I just posted the article about Ushahidi and its future challenges that was published in the Index on Censorship last month (‘Crowd Wisdom’ by Heather Ford in Index on Censorship December 2012, vol. 41, no. 4 33-39 doi: 10.1177/0306422012465800) . I wrote about Ushahidi’s emergence as a powerful tool used in countries around the world to document elections, disasters and food – among others – and the coming challenges as the majority of Ushahidi implementations remain ‘small data’ projects and as tools move towards automatic verification, something only possible with ‘Big Data’.

Why the muggle doesn’t like the term “bounded crowdsourcing”

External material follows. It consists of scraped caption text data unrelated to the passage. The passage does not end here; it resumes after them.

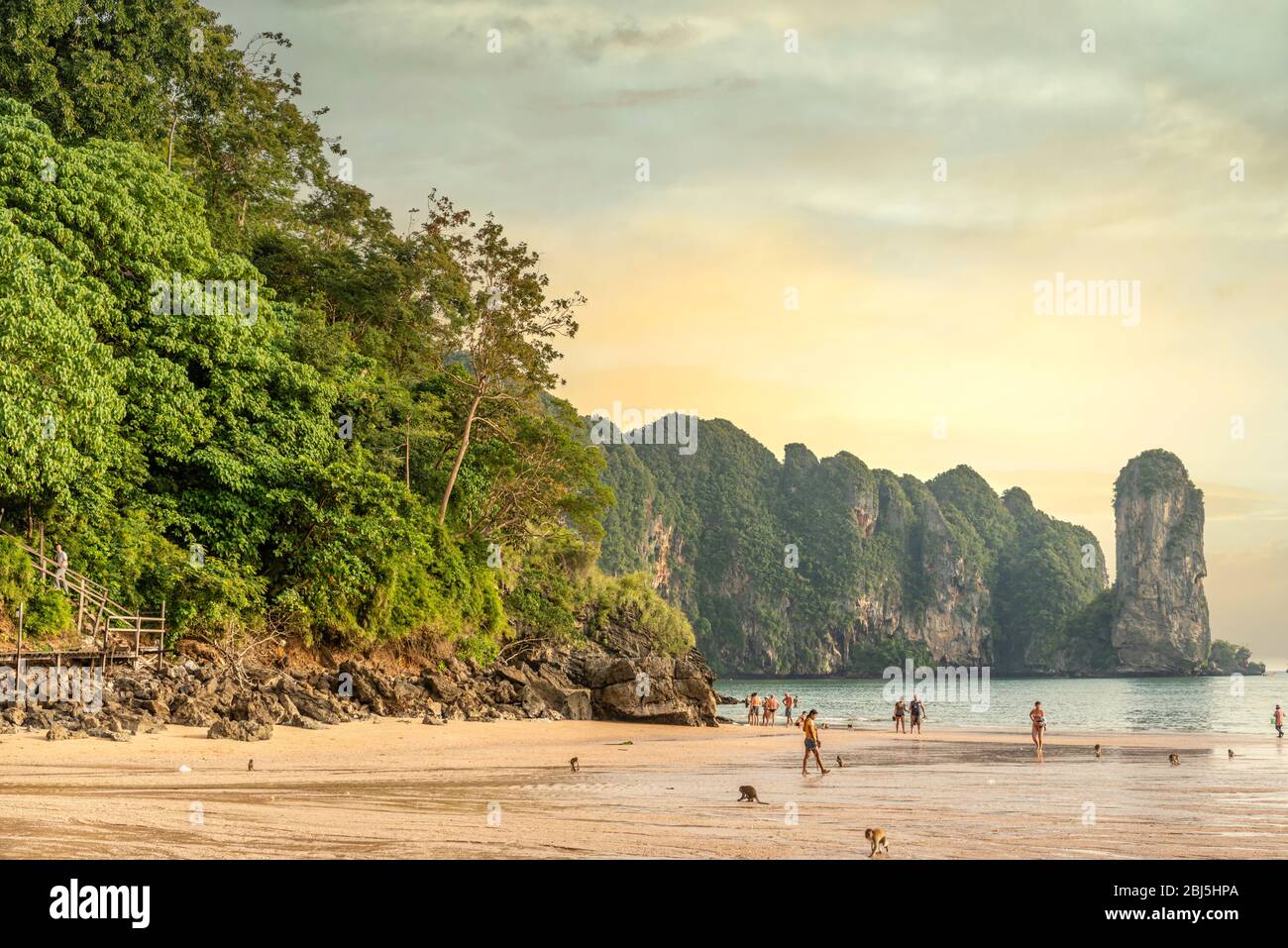 Picturesque view of Ao Nang Beach near Krabi, Southern Thailand Stock Photo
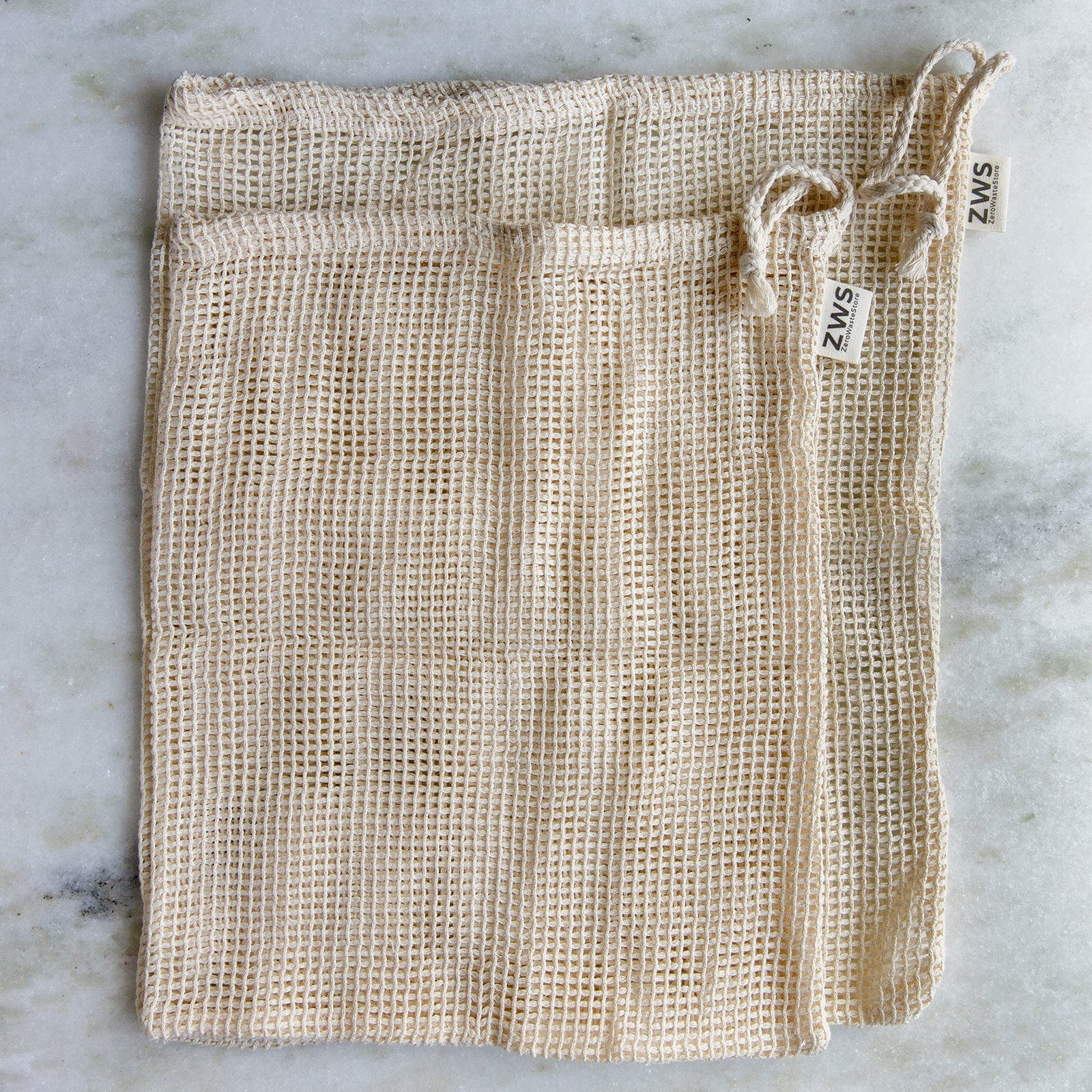 Mesh Produce Bag - Multiple Sizes - Zero Waste Net Bag - Image 2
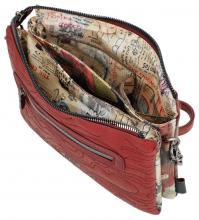 schmale Schultertasche Anekke City Art rot Tablet Glanzgarn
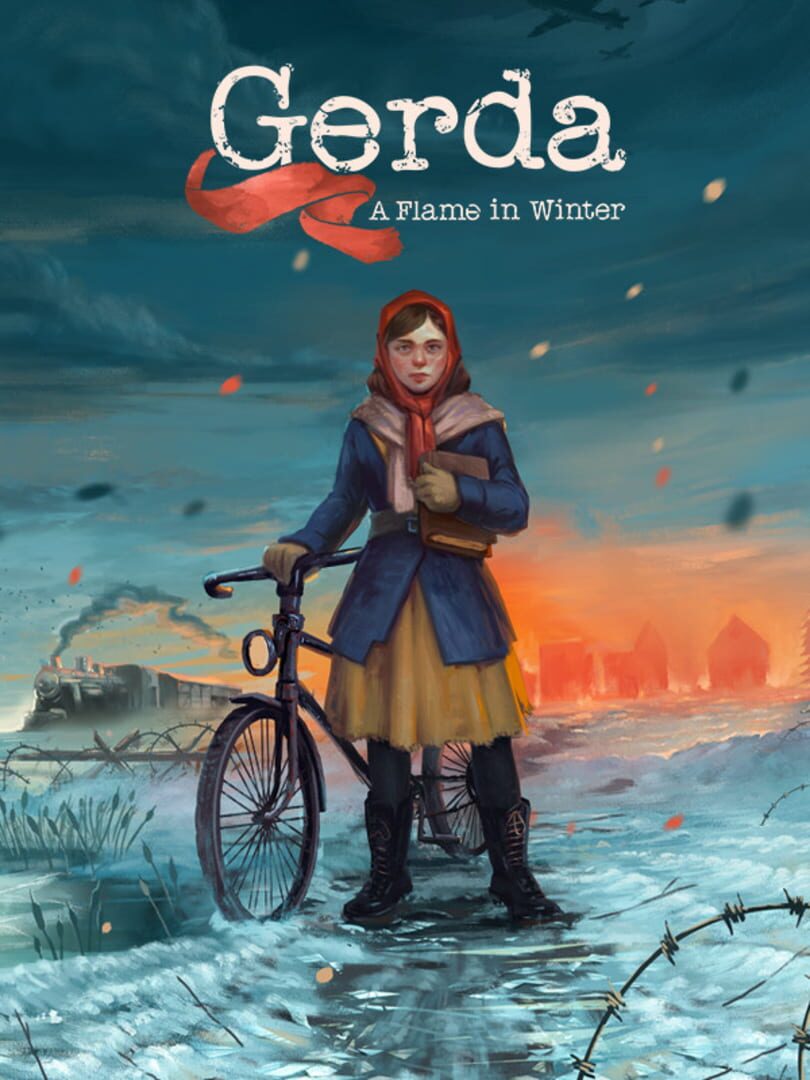 Capa de Gerda: A Flame in Winter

Patrick Meier just wrote a post explaining why the term he coined, “bounded crowdsourcing” is ‘important for crisis mapping and beyond’. He likens “bounded crowdsourcing” to “snowball sampling”, where a few trusted individuals invite other individuals who they ‘fully trust and can vouch for… And so on and so forth at an exponential rate if desired’.

I like the idea of trusted networks of people working together (actually, it seems that this technique has been used for decades in the activism community) but I have some problems with the term that has been “coined”. I guess I will be called a “muggle” but I am willing to take the plunge because a) I have never been called a “muggle” and I would like to know what it feels like and b) the “crowdsourcing” term is one I feel is worthy of a duel.

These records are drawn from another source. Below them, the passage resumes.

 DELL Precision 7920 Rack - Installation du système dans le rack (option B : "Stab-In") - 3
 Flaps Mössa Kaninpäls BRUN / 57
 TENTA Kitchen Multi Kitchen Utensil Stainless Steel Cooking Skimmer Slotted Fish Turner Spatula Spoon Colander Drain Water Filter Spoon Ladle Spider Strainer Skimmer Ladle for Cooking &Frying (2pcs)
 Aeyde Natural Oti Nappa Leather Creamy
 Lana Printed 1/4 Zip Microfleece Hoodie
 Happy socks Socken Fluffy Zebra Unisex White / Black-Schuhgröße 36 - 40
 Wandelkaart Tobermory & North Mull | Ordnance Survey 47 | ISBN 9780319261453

Firstly, I don’t agree with the way that Meier likens “crowdsourcing” work like Ushahidi to statistical methods. I see why he’s trying to make the comparison (to prove crowdsourcing’s value, perhaps?) but I think that it is inaccurate and actually de-values the work involved in building an Ushahidi instance. Working on an Ushahidi deployment is not the same as answering a question through statistical methods. With statistical methods, a researcher (or group of researchers) tries to answer a question or test a hypothesis. ‘Do the majority of Hispanic Americans want Obama to win a second term?’ for example. Or ‘What do Kenyans think is the best place to go on holiday?’

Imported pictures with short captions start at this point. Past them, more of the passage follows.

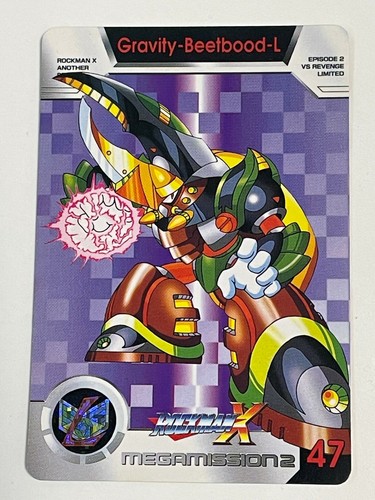 Rockman X Another Story Card Gravity Beetbood L No 47 Bandai 1996 Japan F S Ebay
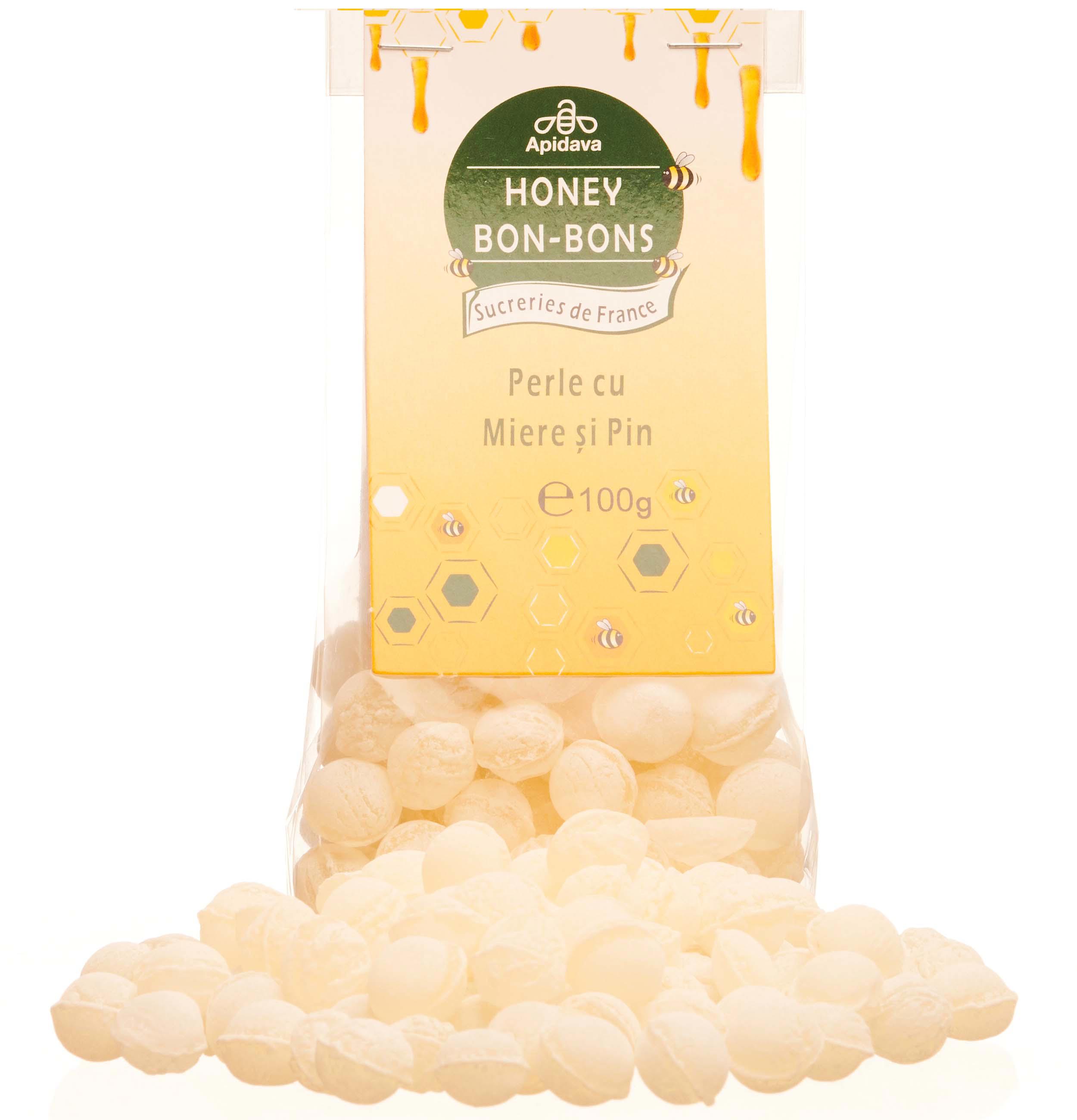 Bomboane Cu Miere si Pin Apidava 100gr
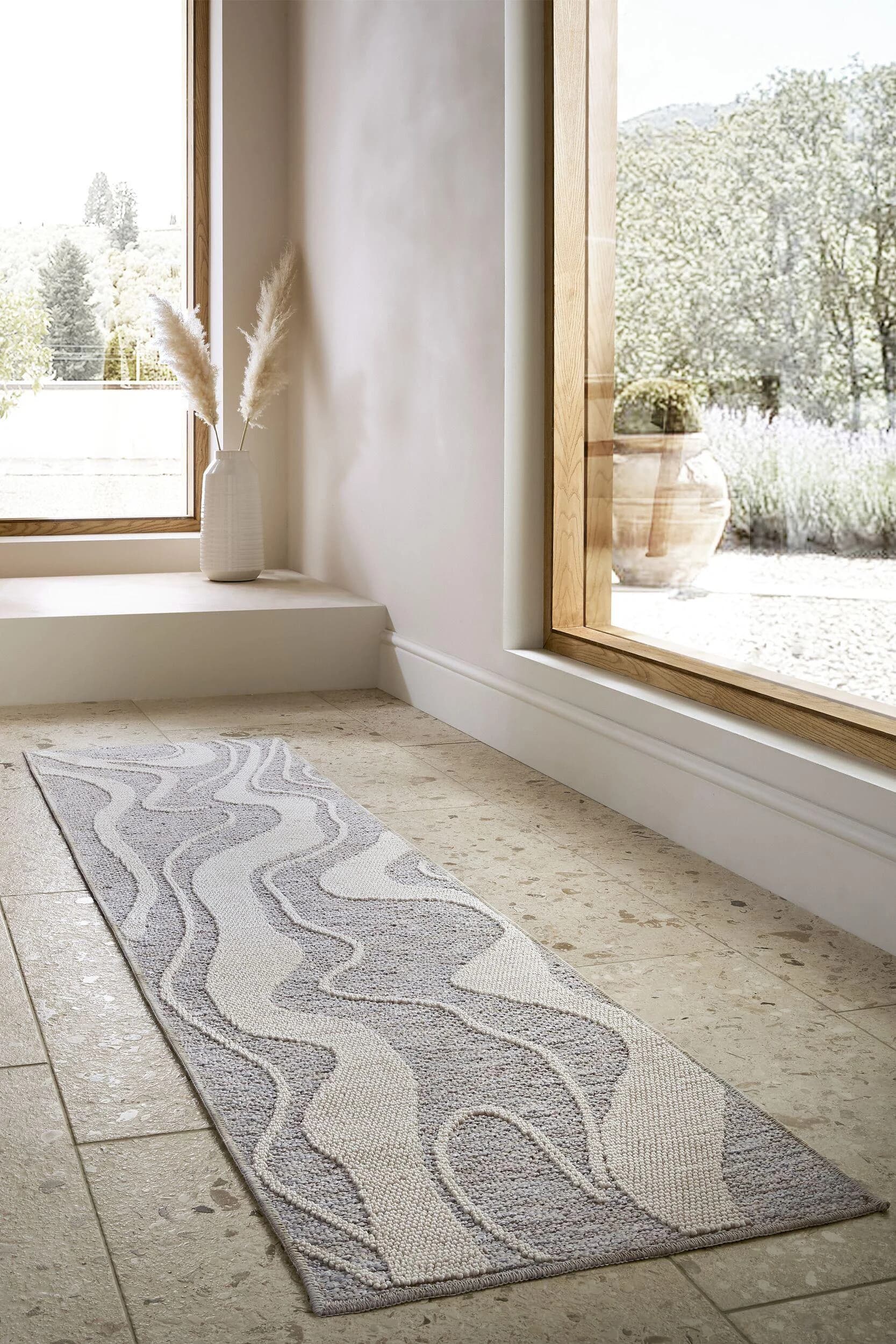 Flair Rugs Teppich Calder Grau Handgetuftet Waschbar
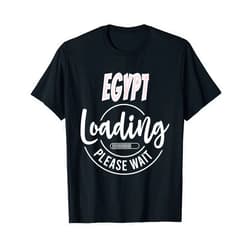 Personalized Baby Loading Babies Coming Shower Egypt Custom Personalized Baby Loading Shirt Shower T-Shirt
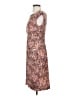 Connected Apparel Print Brown Cocktail Dress Size 8 - photo 5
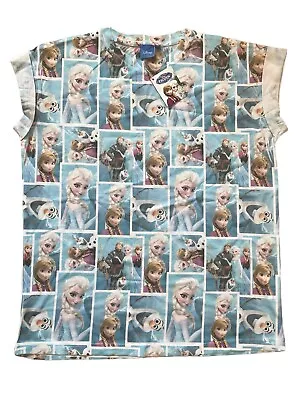 Buy Disney Frozen Anna And Elsa Ladies Photo Collage T-Shirt Size 12 New With Tags￼ • 12.99£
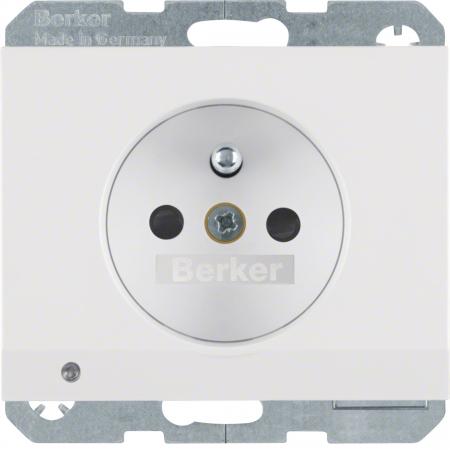 Berker 6765107009 Steckdose m SK-Stift LED K.1 pw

But Ushahidi has never been about gaining a statistically significant understanding of a question or hypothesis. It has been designed as a way for a group of concerned citizens to provide a platform for people to report on what was happening to them or around them. Sure, in many cases, we can get a general feel about the mood of a place by looking at reports, but the lack of a single question (and the power differential between those asking and those being asked), the prevalence of unstructured reports and the skewed distribution of reporters towards those most likely to reply using the technology (or attempting to game the system) make the differences much greater than the similarities.

The other problem is that the term lacks a useful definition. Meier seems to suggest that the “bounded” part refers to the fact that the work is not completely open and is limited to a network of trusted individuals. More useful would be to understand under what conditions and for what types of work different levels of openness are useful, because no crowdsourcing project is entirely “unbounded”. Meier says that he ‘introduced the concept of bounded crowdsourcing to the field of crisis mapping in response to concerns over the reliability of crowd sourced information.’ But if this means that “crowdsourced” information is unreliable, then it would be useful to understand how and when it is unreliable.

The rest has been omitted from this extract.